2. Description of the Related Art Nuclear reactors and the above-described generators connected thereto,
In various circulatory systems consisting of pipelines through which steam and liquid flow in the reactor, if equipment parts fall off, the fallen parts (loose parts) may damage various equipment or obstruct the flow of internal fluid. Problem arises. Nuclear technology requires more safety than other technical fields, and it is necessary to reduce the generation of loose parts as much as possible. It is necessary to accurately detect the location of occurrence and the moving state of the loose parts.
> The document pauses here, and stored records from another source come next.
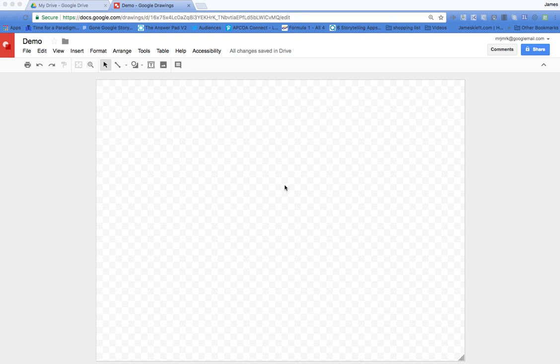In this video we're looking at Google Drawing and how you can use it easily to create a module map or mind map.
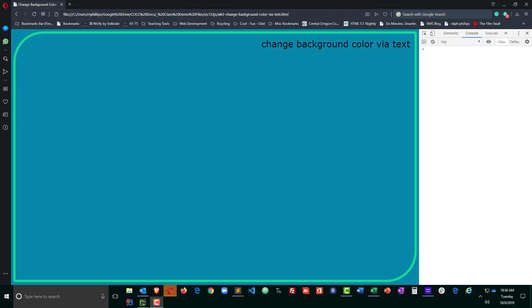Hey, this is Ralph. In this video I want to change the background color of this web page using a couple of form inputs.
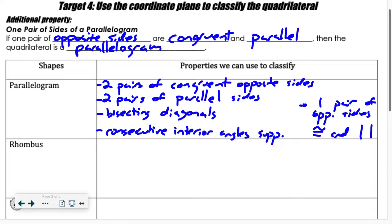I want to highlight a handful of these. Four of them I can actually use on a coordinate grid using just the distance formula or midpoint formula. Consecutive interior angles that are supplementary are very difficult to show on a coordinate grid, so we're going to focus on those other four for today.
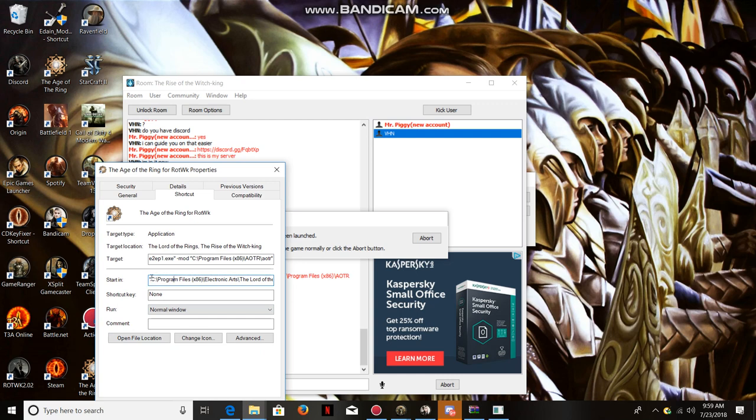Then from here you're going to want to see the Start In field. You're going to copy all of this.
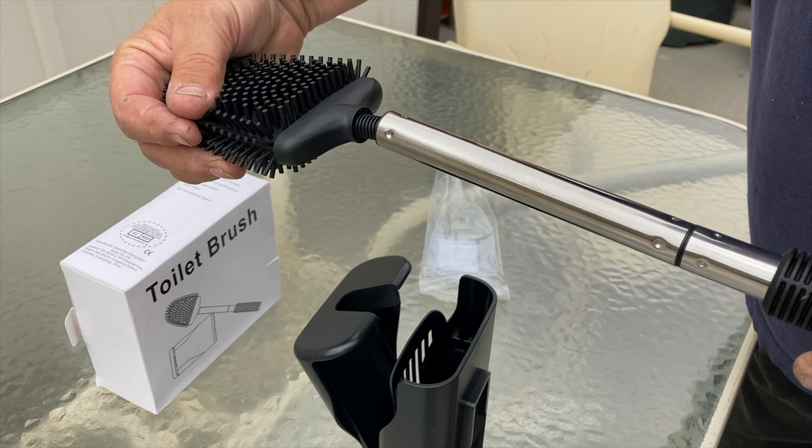This toilet brush also comes with an upgraded toilet brush holder, with the ability to simply push this thing in and have it close around it and pull it out and have it open wide up.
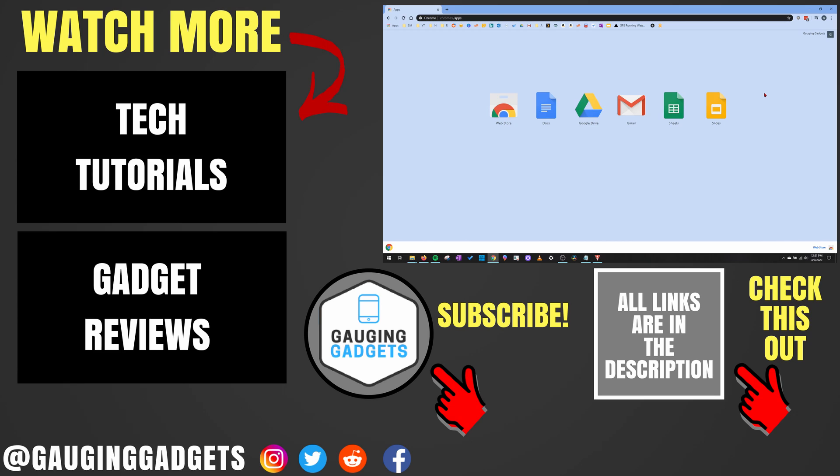If you'd like to see more Chrome tutorial videos, check the links in the description. If this video helped you, give it a thumbs up, and please consider subscribing to my channel, Gauging Gadgets, for more gadget reviews and tech tutorials. Thank you so much for watching.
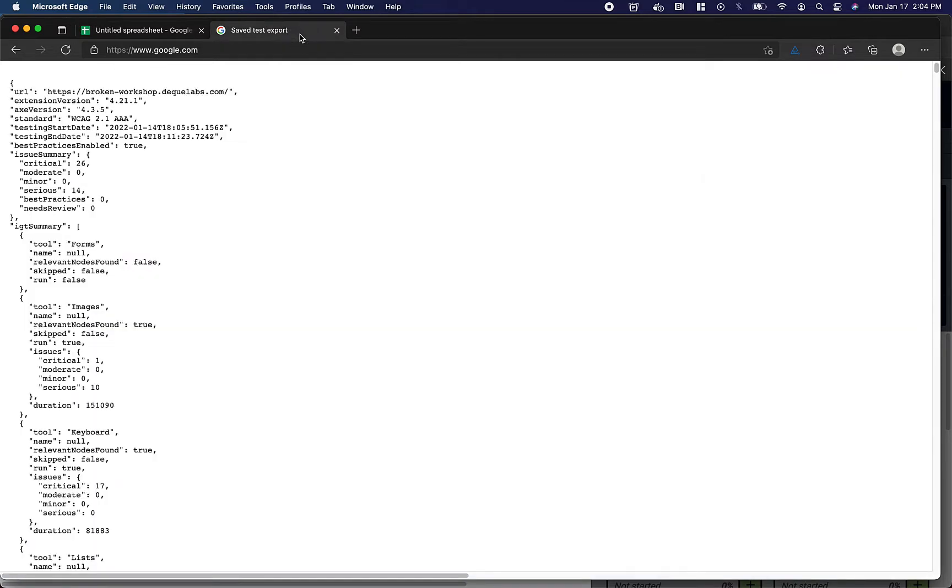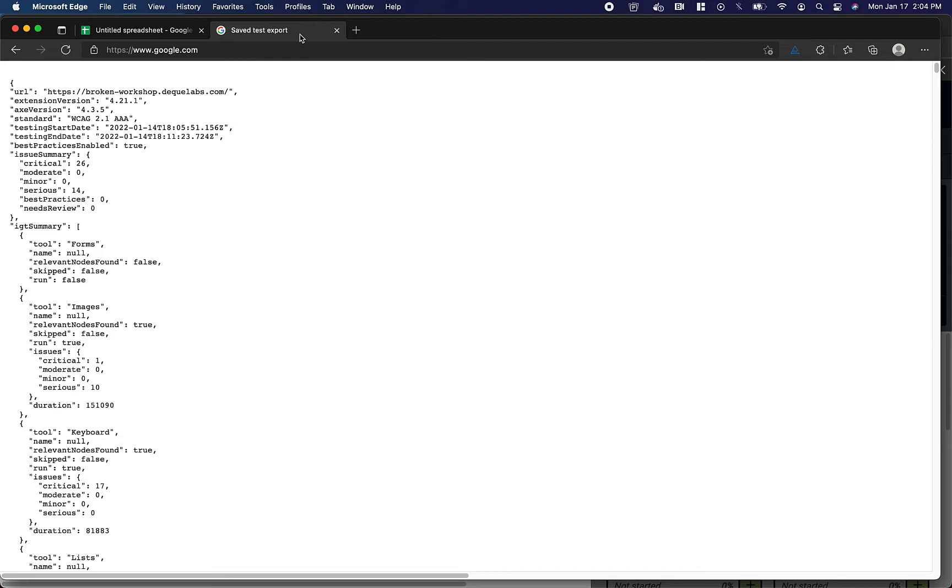Now, the saved test export has a breakdown of all the issues found for a saved test, a complete breakdown of the IGTs that have been run and which issues are raised in each, when the testing was started, when the testing was completed, the URL of the page that was tested, and many more useful pieces of information.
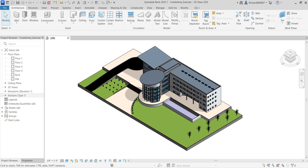What's up guys, Learning with Rich here. In this video I'm going to show you how to create an area in Revit 2025 for this Revit tips and tricks. The area of the building is one of the most important design aspects — budgets and costs are often based on the square footage of a building, and even the number of people that can occupy the building is based on the area required per person.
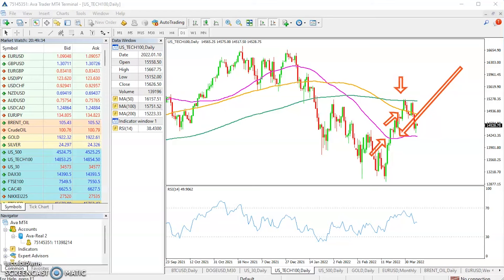The third signal comes when the price breaks above the 200-day simple moving average. As you can see clearly from this chart, the price failed to stay above the 100-day simple moving average and continued to trade below that particular moving average.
For this reason, various countermeasures have conventionally been considered, and the applicant of the present invention has also filed Japanese Patent Application No. 57-178567,
Japanese Patent Application No. 57-212687, Japanese Patent Application No. 58-11983
No. 4, Japanese Patent Application No. 61-233443, Japanese Patent Application No. 62-17
No. 1853, Japanese Patent Application No. 63-40379, Japanese Patent Application No. 63-
Applications such as 155468, Japanese Patent Application No. 63-317313, and Japanese Patent Application No. 2-4711 have been filed. In a conventional loose part monitoring device of a nuclear power plant, a value of an impact waveform of a loose part detected by a detector (for example, an accelerometer) attached to each device of a primary cooling system such as an atomic path or a steam generator. However, it is compared to the normal noise generated in each device (for example, the sound of pump or motor operation, or the noise of fluid flow, etc., which is called background noise). I want to emit. In addition, the loose parts monitoring device has a built-in device called a locator that determines the correctness of the detection signal of the detector attached to each device, and this locator has the function of determining the correctness of the signal from each detector. I was letting it. As a criterion for the correct / incorrect judgment, (a) if the number of times of receiving the high alarm warning within 50 milliseconds (mmsec) is one, it is regarded as an erroneous signal. The reason is that the speed of sound in steel is 3 m / millisecond, and it travels a distance of 150 m in 50 msec. The distance between detectors attached to each device is about 20 m at the maximum, and if loose parts are generated, many signals should be transmitted from nearby detectors in a short time. (B) 3 within 0.5 ms
If more than one alert is received, it is considered a false signal. Due to the placement of the detectors, it is highly unlikely that more than two alarms will be received within 0.5 ms, which means that the electrical connection between the cables connecting each detector to the control panel is This is because it is highly possible that the pulse signal is generated by inducing noise. In the above cases (a) and (b), the signal adjuster and the detector are reset, and at the same time, the centralized alarm and the locator are reset to cancel the data.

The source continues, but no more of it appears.